### Extracted material

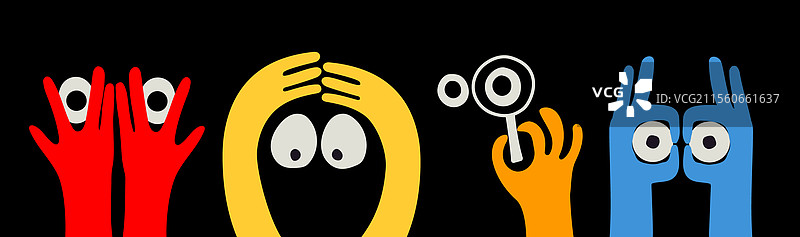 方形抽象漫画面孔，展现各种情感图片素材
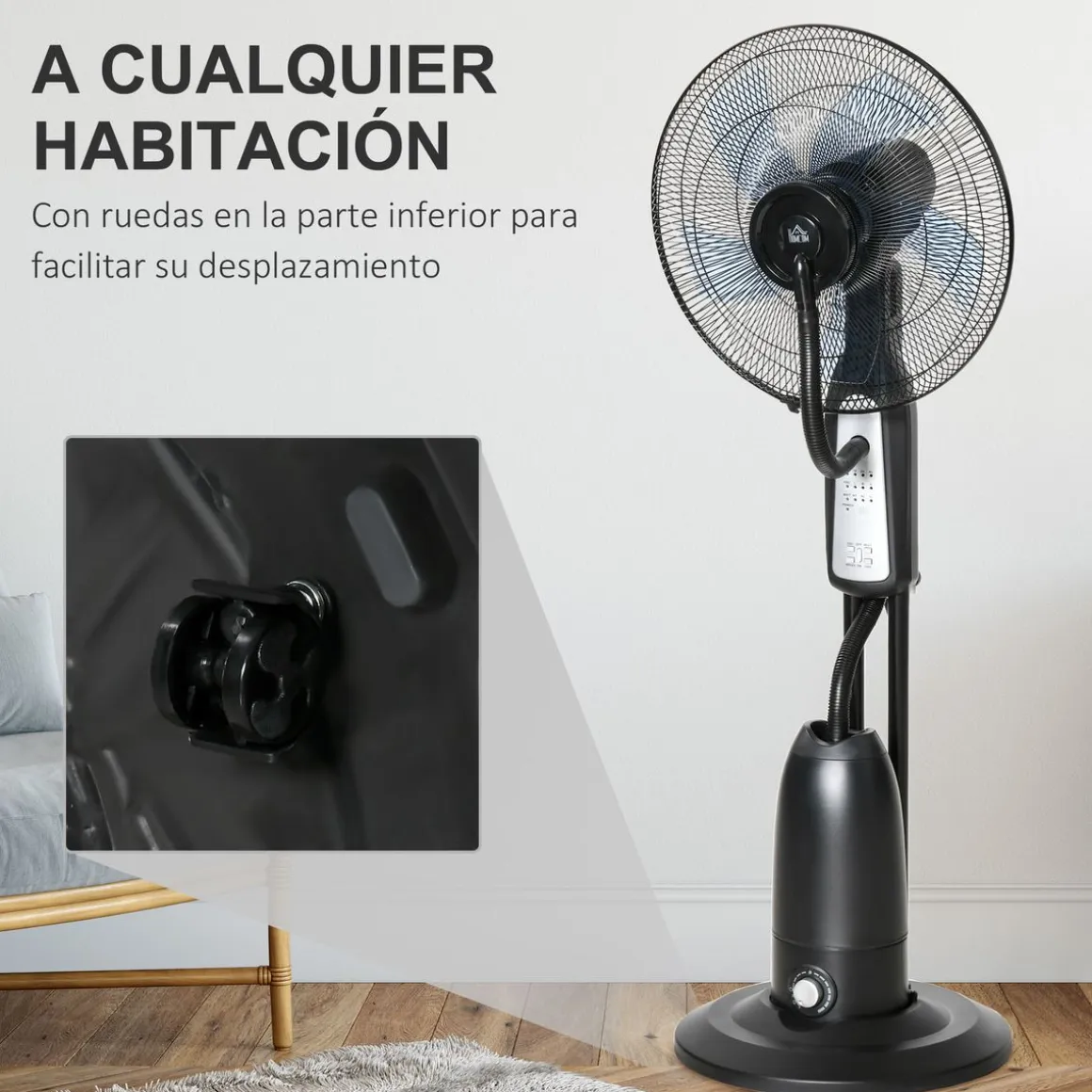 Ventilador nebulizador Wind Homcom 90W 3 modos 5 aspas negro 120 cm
==
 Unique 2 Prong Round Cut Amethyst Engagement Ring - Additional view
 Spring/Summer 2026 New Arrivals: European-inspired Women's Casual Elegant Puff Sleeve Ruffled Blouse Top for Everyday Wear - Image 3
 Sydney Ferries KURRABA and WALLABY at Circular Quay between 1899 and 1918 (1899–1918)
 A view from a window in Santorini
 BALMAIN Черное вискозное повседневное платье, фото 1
* * *
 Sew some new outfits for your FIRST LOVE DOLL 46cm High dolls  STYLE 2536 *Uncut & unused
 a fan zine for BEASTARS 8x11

### Task description
There is a run of lines above from the one with "Sew some new" to the one with "a fan zine for BEASTARS 8x11"; print exactly that run, both ends included, and nothing else.

### Answer below
 Sew some new outfits for your FIRST LOVE DOLL 46cm High dolls  STYLE 2536 *Uncut & unused
 a fan zine for BEASTARS 8x11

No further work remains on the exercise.